Special note for P'[' and P']' or P'{' and P'}'


It is possible to specify both [ and ] (or { and } ) in the same find-string Picture, when [ begins the Picture, and ] ends the Picture; that is, if you specify a Picture in the form P'[string]'.   When this is done, it requests the command to search for a string which is the only data present on a line.  For example, the find-string Picture P'[ABC]' will find the string ABC when it is the only data present on a line, with neither leading nor trailing spaces present.


The P'{ABC}' version would find ABC when it is the only data on a line, regardless of any leading or trailing spaces.  Note:  When HILITE FIND is effect, a find picture like P'{ABC}' will cause any extra spaces on the edge of the line that correspond to a { or } Picture to be included in the string that is highlighted.


For the JOIN command, the first string operand must be a Picture string of the form P'[string' or P'string]'.  


The first string operand of JOIN can also be a Picture string of the form P'{string' or P'string}'.
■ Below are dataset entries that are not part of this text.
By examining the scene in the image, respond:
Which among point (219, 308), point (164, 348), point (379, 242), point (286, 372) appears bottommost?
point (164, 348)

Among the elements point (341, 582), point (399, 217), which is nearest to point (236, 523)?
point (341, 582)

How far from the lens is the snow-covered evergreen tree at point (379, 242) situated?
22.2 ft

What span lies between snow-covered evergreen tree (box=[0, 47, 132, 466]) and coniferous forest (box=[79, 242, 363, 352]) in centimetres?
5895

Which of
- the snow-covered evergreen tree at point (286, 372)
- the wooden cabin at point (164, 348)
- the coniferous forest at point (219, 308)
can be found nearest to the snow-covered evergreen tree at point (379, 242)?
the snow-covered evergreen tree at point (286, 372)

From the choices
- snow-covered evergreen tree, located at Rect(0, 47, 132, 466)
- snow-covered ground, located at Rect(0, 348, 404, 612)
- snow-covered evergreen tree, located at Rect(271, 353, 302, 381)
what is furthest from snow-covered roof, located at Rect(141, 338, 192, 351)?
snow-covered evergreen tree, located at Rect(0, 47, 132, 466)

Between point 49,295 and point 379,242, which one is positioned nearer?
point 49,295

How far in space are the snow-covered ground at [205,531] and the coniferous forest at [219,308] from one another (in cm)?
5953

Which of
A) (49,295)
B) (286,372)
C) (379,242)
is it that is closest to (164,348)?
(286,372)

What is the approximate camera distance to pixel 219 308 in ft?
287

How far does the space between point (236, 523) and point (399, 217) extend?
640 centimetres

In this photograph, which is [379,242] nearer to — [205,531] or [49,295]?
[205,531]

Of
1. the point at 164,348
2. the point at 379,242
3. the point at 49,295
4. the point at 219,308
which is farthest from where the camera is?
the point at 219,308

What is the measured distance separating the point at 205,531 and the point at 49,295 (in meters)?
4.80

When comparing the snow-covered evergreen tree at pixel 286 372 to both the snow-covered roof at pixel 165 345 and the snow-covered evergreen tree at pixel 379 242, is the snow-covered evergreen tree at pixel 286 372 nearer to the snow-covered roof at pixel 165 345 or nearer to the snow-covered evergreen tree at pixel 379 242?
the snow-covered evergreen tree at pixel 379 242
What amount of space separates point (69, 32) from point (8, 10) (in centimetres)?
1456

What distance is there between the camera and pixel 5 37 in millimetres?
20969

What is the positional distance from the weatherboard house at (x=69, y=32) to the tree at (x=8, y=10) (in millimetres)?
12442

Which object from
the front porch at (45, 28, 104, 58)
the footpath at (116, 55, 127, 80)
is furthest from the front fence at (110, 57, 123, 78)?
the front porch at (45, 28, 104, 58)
It is not possible to directly join one line to both the line that precedes it and the line that follows it, at the same time.  That is to say, a from-string of a JOIN command cannot be specified in the form of P'[string]'.  or as  P'{string}'.  For any given line, only one JOIN, on one side of a line, is allowed.  JOIN cannot perform a left-join and a right-join at the same time, since this would imply converting three lines of data into one line in a single join operation, an action that SPFLite does not support.  
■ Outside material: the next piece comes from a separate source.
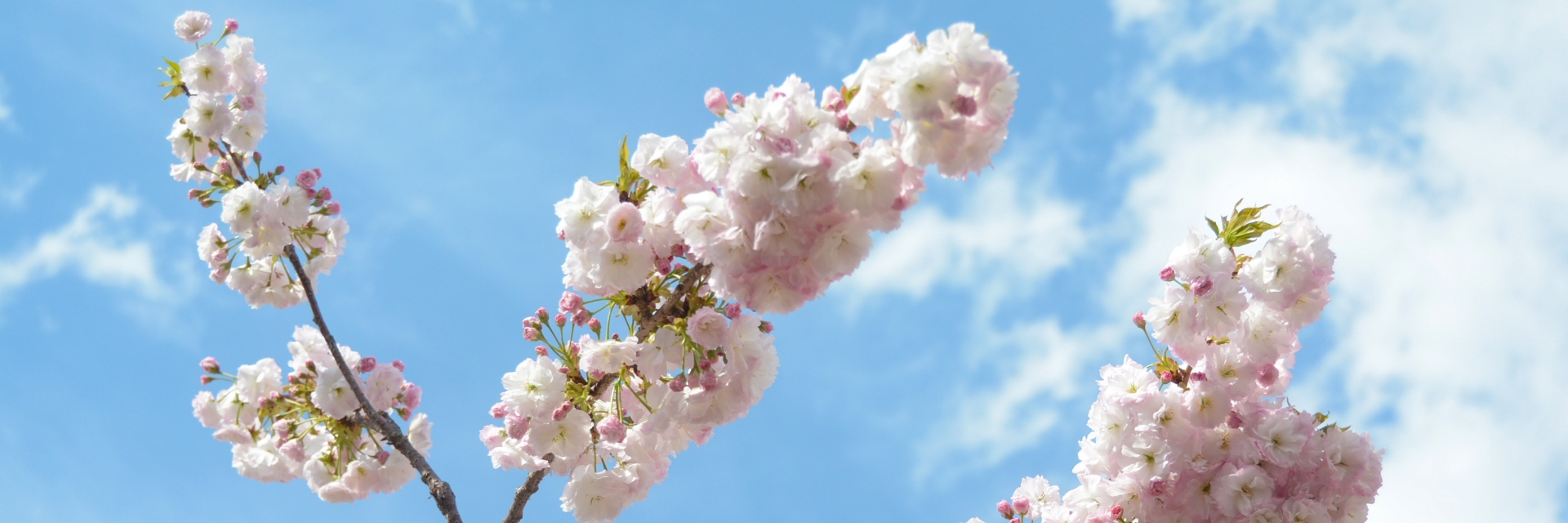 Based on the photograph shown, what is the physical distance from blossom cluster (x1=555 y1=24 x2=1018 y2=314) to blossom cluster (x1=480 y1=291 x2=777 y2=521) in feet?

A find-string written literally as P'[]' is illegal.  This cannot be used to find zero-length lines, because there is literally no data to find.


Even though the new Picture codes of { and } represent optional spaces, a find-string written literally as P'{}' is also illegal because, based on the definition of these codes, one possible meaning of such a Picture is a string of zero length, which cannot be found.

 

To find a zero-length line, the command NFIND P'=' or LOCATE SIZE 0 may be used.


Picture String Examples




  • To find a string of 3 numeric characters:  


       FIND P'###'  


 


  • To find any 2 characters that are not blanks but are separated by a blank:  


       FIND P'^ ^'  


 


  • To find a blank followed by a numeric character:  


       FIND P' #'  


 


  • To find a numeric character followed by AB:  


       FIND P'#AB'  


 


  • To find the next character in column 72 that is not a blank:  


       FIND P'^' 72  


 


  • To change any characters in columns 73 through 80 to blanks:  


       CHANGE ALL P'=' ' ' 73 80  


 


  • To find the next line with a blank in column 1 and a character in column 2 that is not a blank:  


       FIND P' ¬' 1  



Using Picture strings as the TO operand of a CHANGE command


SPFLite expands on the ISPF CHANGE Picture standard in a number of ways that make them even more useful:








Note that CASE T or CASE C affects how a search string is handled.  The change string in a CHANGE command, no matter what string type, is treated as case-sensitive, in the sense that any alphabetic data you enter is used exactly as you typed it, and CASE T/C is ignored there.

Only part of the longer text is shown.